• **EXERCISE REQUIREMENTS**
Would you write out the lines from the one containing "Cosmos Selection Dombay" to the end of the records below, exactly and in full, please?

Stored data:
=====
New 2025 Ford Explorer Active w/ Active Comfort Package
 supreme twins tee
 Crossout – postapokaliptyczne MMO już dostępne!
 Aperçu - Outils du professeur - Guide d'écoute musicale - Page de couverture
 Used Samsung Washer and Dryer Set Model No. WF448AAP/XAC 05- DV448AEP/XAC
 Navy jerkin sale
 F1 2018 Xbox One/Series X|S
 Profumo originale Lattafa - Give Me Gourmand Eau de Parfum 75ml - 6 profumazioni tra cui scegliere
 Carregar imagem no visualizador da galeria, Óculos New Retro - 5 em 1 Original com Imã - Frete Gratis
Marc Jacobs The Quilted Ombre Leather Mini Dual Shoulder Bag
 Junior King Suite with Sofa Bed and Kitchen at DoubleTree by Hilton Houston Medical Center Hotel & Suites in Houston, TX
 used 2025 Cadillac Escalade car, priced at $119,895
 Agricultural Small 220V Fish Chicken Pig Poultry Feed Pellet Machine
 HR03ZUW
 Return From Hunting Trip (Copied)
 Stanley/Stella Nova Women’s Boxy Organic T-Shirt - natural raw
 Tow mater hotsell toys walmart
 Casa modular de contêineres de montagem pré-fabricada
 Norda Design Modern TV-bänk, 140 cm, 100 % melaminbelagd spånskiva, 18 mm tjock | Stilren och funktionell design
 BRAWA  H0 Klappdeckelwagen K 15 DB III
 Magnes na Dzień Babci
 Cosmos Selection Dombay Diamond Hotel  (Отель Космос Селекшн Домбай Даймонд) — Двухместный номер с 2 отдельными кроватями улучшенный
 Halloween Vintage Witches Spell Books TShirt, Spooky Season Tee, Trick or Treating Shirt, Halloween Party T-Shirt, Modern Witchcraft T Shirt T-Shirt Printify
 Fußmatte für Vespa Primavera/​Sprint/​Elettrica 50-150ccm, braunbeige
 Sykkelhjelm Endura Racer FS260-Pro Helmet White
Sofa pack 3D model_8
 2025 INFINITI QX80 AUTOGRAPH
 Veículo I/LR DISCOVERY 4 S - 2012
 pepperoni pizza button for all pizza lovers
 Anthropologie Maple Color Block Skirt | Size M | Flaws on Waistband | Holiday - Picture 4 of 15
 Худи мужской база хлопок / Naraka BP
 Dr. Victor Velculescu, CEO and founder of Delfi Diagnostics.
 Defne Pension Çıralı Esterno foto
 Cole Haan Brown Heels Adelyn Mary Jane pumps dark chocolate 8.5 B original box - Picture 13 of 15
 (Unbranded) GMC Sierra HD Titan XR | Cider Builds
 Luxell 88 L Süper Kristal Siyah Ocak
=====
• **RESPONSE TO THIS EXERCISE**
 Cosmos Selection Dombay Diamond Hotel  (Отель Космос Селекшн Домбай Даймонд) — Двухместный номер с 2 отдельными кроватями улучшенный
 Halloween Vintage Witches Spell Books TShirt, Spooky Season Tee, Trick or Treating Shirt, Halloween Party T-Shirt, Modern Witchcraft T Shirt T-Shirt Printify
 Fußmatte für Vespa Primavera/​Sprint/​Elettrica 50-150ccm, braunbeige
 Sykkelhjelm Endura Racer FS260-Pro Helmet White
Sofa pack 3D model_8
 2025 INFINITI QX80 AUTOGRAPH
 Veículo I/LR DISCOVERY 4 S - 2012
 pepperoni pizza button for all pizza lovers
 Anthropologie Maple Color Block Skirt | Size M | Flaws on Waistband | Holiday - Picture 4 of 15
 Худи мужской база хлопок / Naraka BP
 Dr. Victor Velculescu, CEO and founder of Delfi Diagnostics.
 Defne Pension Çıralı Esterno foto
 Cole Haan Brown Heels Adelyn Mary Jane pumps dark chocolate 8.5 B original box - Picture 13 of 15
 (Unbranded) GMC Sierra HD Titan XR | Cider Builds
 Luxell 88 L Süper Kristal Siyah Ocak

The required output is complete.